Es gibt keine Globalisierung mit "menschlichem Antlitz", denn die grenzüberschreitenden wirtschaftlichen Zusammenschlüsse erfordern den absolut mobilen Menschen. Was steht am Ende, wenn Arbeitslose in Deutschland zunehmend verpflichtet werden können, sich bei Leiharbeitsfirmen auch unter Tarif verdingen zu müssen - und das von einem ehemaligen Gewerkschaftsfunktionär durchgedrückt?

Ich sehe Erziehung als gemeinsame, abgestimmte Zusammenarbeit von Elternhaus und Schule. Entgegen allen Versuchen, die Familie als "Hort der Gewalt" zu diffamieren und sie als "Auslaufmodell" zu propagieren, halten wir fest:

Die Familie ist keinesfalls einfach ein Ort, "an dem Kinder sind". Traditionell erfährt das Kind im Zusammenwirken von Vater und Mutter von klein auf, daß Familie Geborgenheit, Fürsorglichkeit und Sicherheit bedeutet, jedes Kind seinen Platz und seine Aufgaben hat und so wird demokratische Teilhabe bereits im Kleinen eingeübt und gelebt. Es bedeutet auch das gegenseitige Einstehen füreinander in allen Konflikt- und Krisensituationen, hier entstehen Toleranz und Gemeinsinn. Es kann doch nicht sein, daß wir es als "Normalität" hinnehmen, wenn zunehmend junge Mütter ihre Säuglinge anonym abgeben bzw. aussetzen. Hat es jemals in unserer Geschichte so viele Kindestötungen und Aussetzungen gegeben, wie gegenwärtig zu beobachten? Was geht in einer jungen Mutter vor, die ihr Kind vernachlässigt, um in der Disco die Nächte durchzutanzen? Wer die Frau nur als "Ressource" im Produktionsprozeß betrachtet, wie es in beiden deutschen Diktaturen gang und gäbe war und von der "Agenda 21" offensichtlich fortgesetzt wird, muß sich über die Folgen nicht wundern.

Wir Bürger müssen uns wieder unseres Wertes als Souverän bewußt werden und uns nicht länger parteipolitisch kanalisieren oder vereinzeln lassen.
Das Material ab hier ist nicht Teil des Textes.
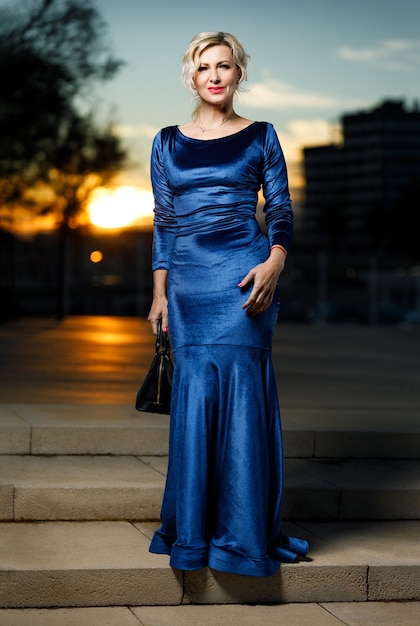 Portrait of adult fashionable elegant woman in evening city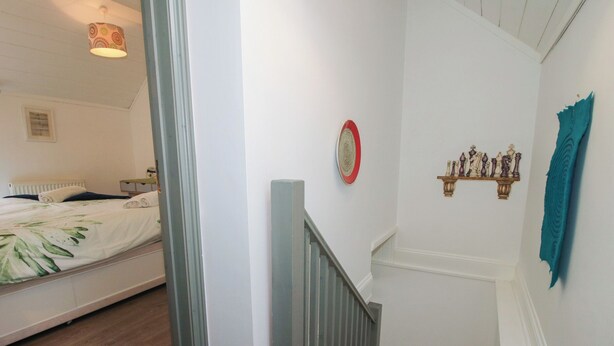 A bedroom with a bed, a nightstand, a lamp, and a wall-mounted shelf with decorative items. - Chess Cottage (Hereford)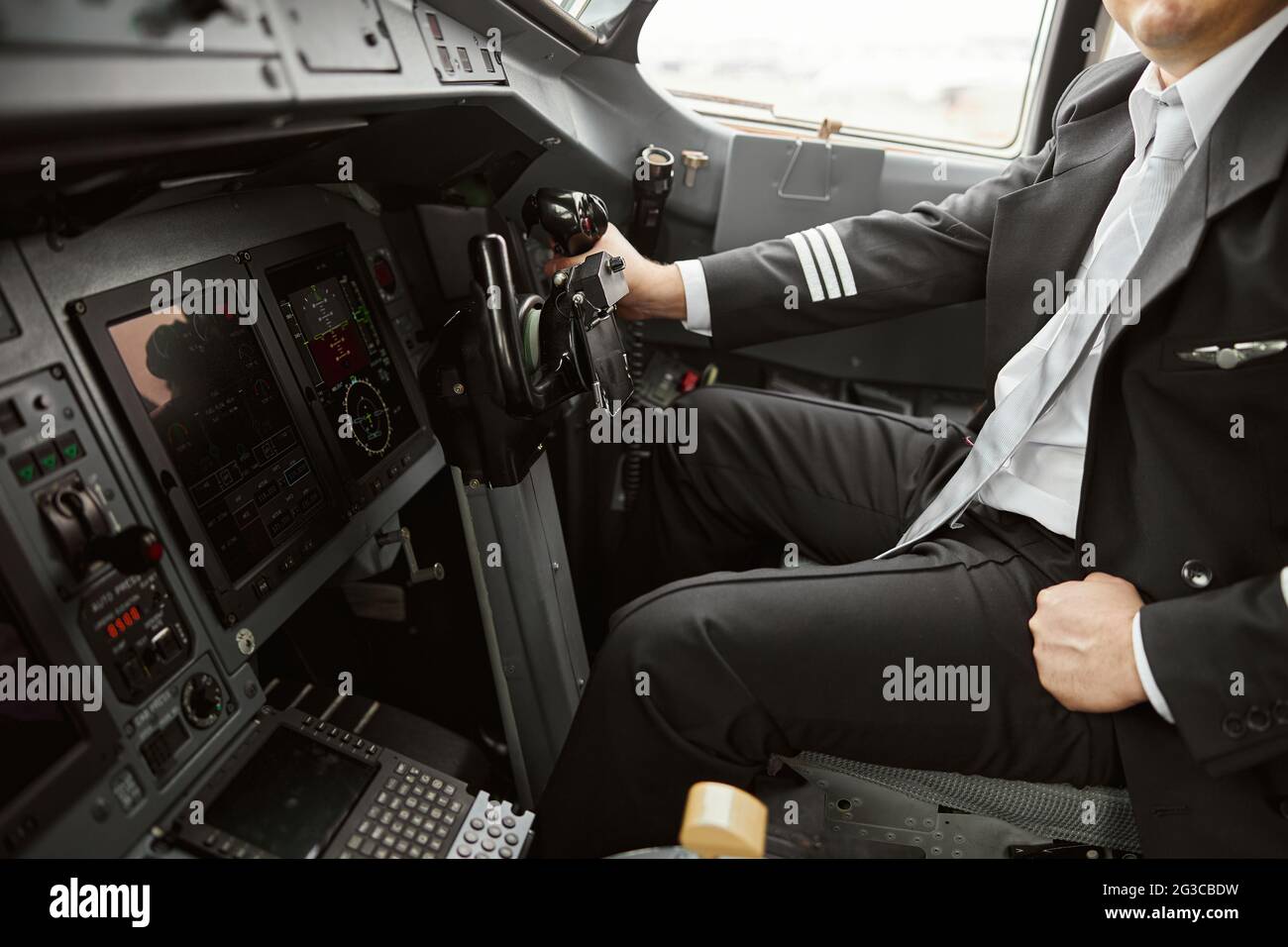 Male pilot use steering wheel to fly on airplane Stock Photo Alamy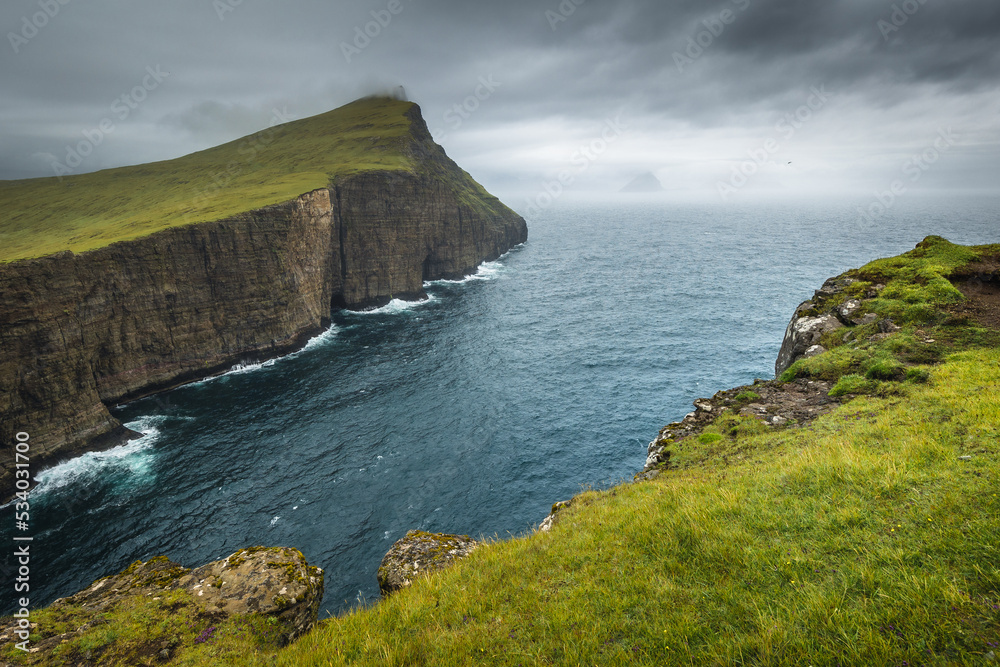 Amazing landscapes of the Faroe Islands captured in summer. Views of the island of Vagar Amazing landscapes of the Faroe Islands captured in summer. Views of the island of Vagar
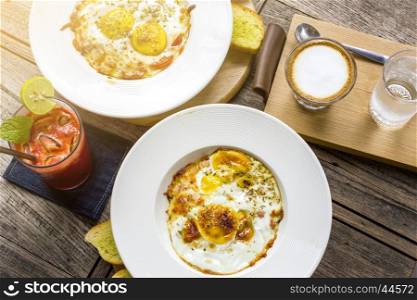 Fried eggs served on table with cappuccino coffee and mix fruits juice for breakfast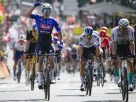 Jasper Philipsen raises his arms after winning the 3rd stage of the Tour de France, in Bayonne, July 3, 2023.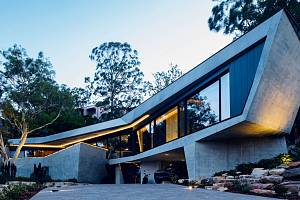 Konstrukce domu má netradiční podobu – je to podlouhlý bumerang kopírující tvar výklenku skály.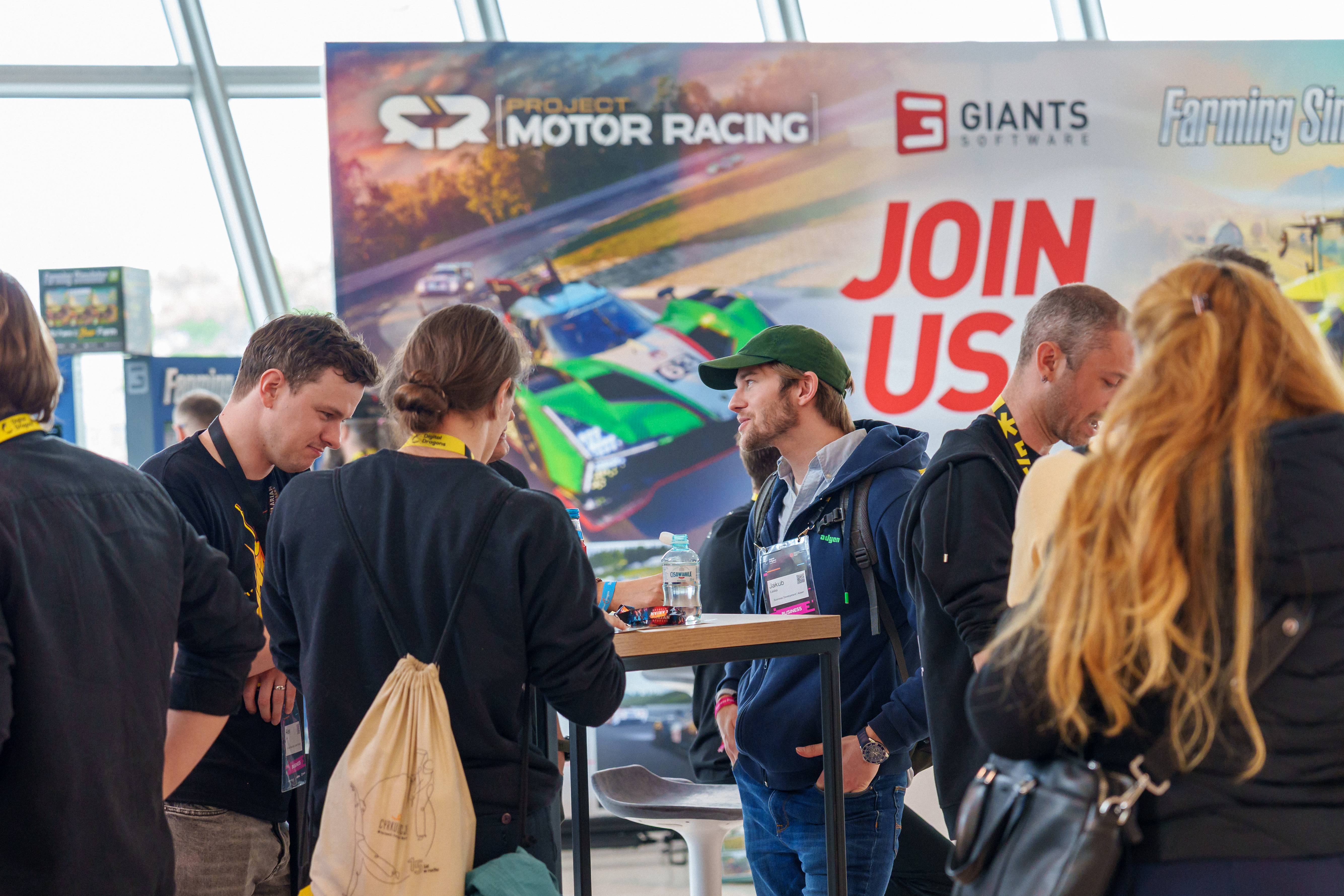Digital Dragons 2025 photograph of people at a gaming convention in Krakow, Poland, gathered around a sponsor booth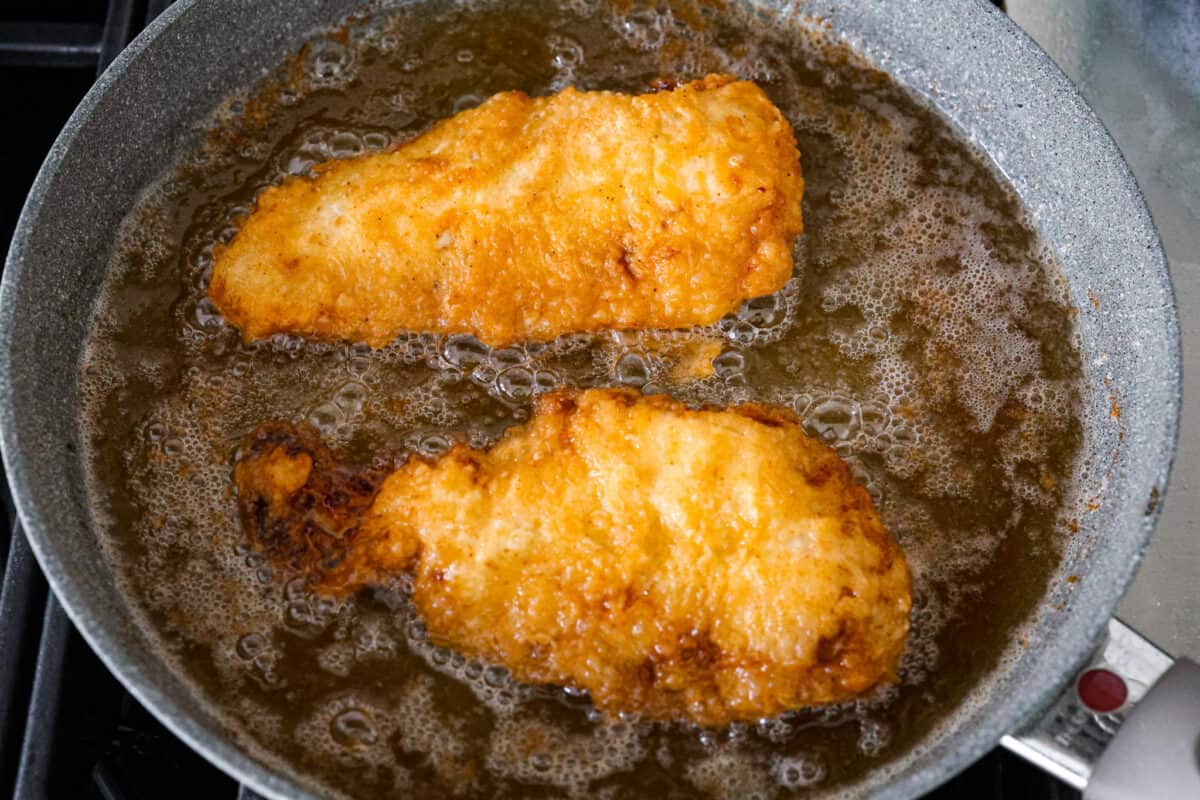 Bring all the best things about Southern cooking to your dinner table with this country fried chicken recipe! The result? Golden, crispy goodness smothered in savory homemade gravy. Frying the chicken cutlets in oil.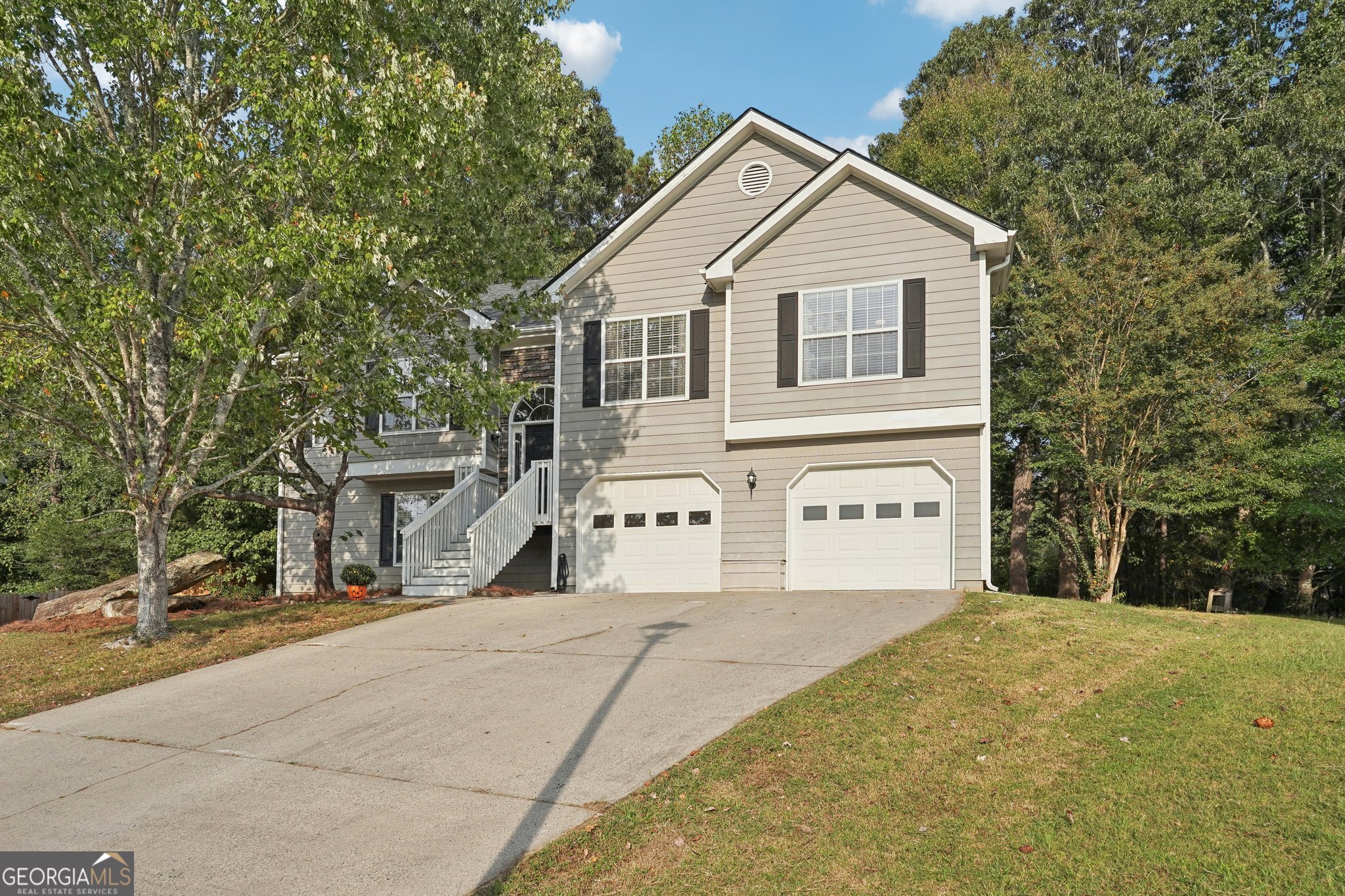 a view of house with yard and trees in the background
Die Bewahrung des Friedens ist nur möglich, wenn sich souveräne, demokratische Staaten gleichwertig und gleichberechtigt gegenübertreten, so wie es das Völkerrecht ausdrückt und unsere Verfassung festschreibt. Es wäre dringend geboten, die Grundsätze aus der Allgemeinen Erklärung der Menschenrechte sich wieder zu eigen zu machen und tatsächlich mehr Demokratie einzufordern. Wir Bürger sind aufgerufen, die gesamte Politik mit großer Aufmerksamkeit und einem gesunden Maß an Mißtrauen den Parteiprogrammen gegenüber zu verfolgen. Vor allem für diejenigen, die in beiden deutschen Diktaturen leben mußten, ist es unerträglich, daß nach jahrzehntelanger Unterdrückung der Menschen im Ostblock im Namen von Marx, Engels und Lenin die SPD erneut das marxistische Menschenbild in ihre Programmatik aufgenommen hat, daß die CDU Aktionsbündnisse mit der SED-Fortsetzungspartei PDS eingeht und die Parteien damit den antitotalitären Konsens der Demokraten, wie er nach dem zweiten Weltkrieg in SPD, CDU und FDP bestand, längst aufgekündigt haben. Denken wir immer daran: Große Machtgebilde haben in der Geschichte noch nie den Frieden sichern können. Im Gegenteil: Weder ist es der Sowjetunion gelungen, aus einem Tschetschenen einen Sowjetbürger zu machen, noch können 370 Millionen EU-Bürger unter den Verordnungen von einigen zehn EU-Kommissaren glücklich werden, sie müssen es auch nicht wollen. Jeder Landstrich ist zu individuell, als daß man ihn zentralistisch gleichbügeln kann.

Direkte Demokratie schafft Verbundenheit und Verantwortung aller für unser Gemeinwesen - ob auf kommunaler oder regionaler Ebene - in Frieden und Freiheit; was der Genossenschaftsgedanke in Vergangenheit und Gegenwart an gelebter Mitmenschlichkeit ermöglicht hat, sollte in allen Bereichen unserer Gesellschaft wieder stärkeren Einfluß gewinnen.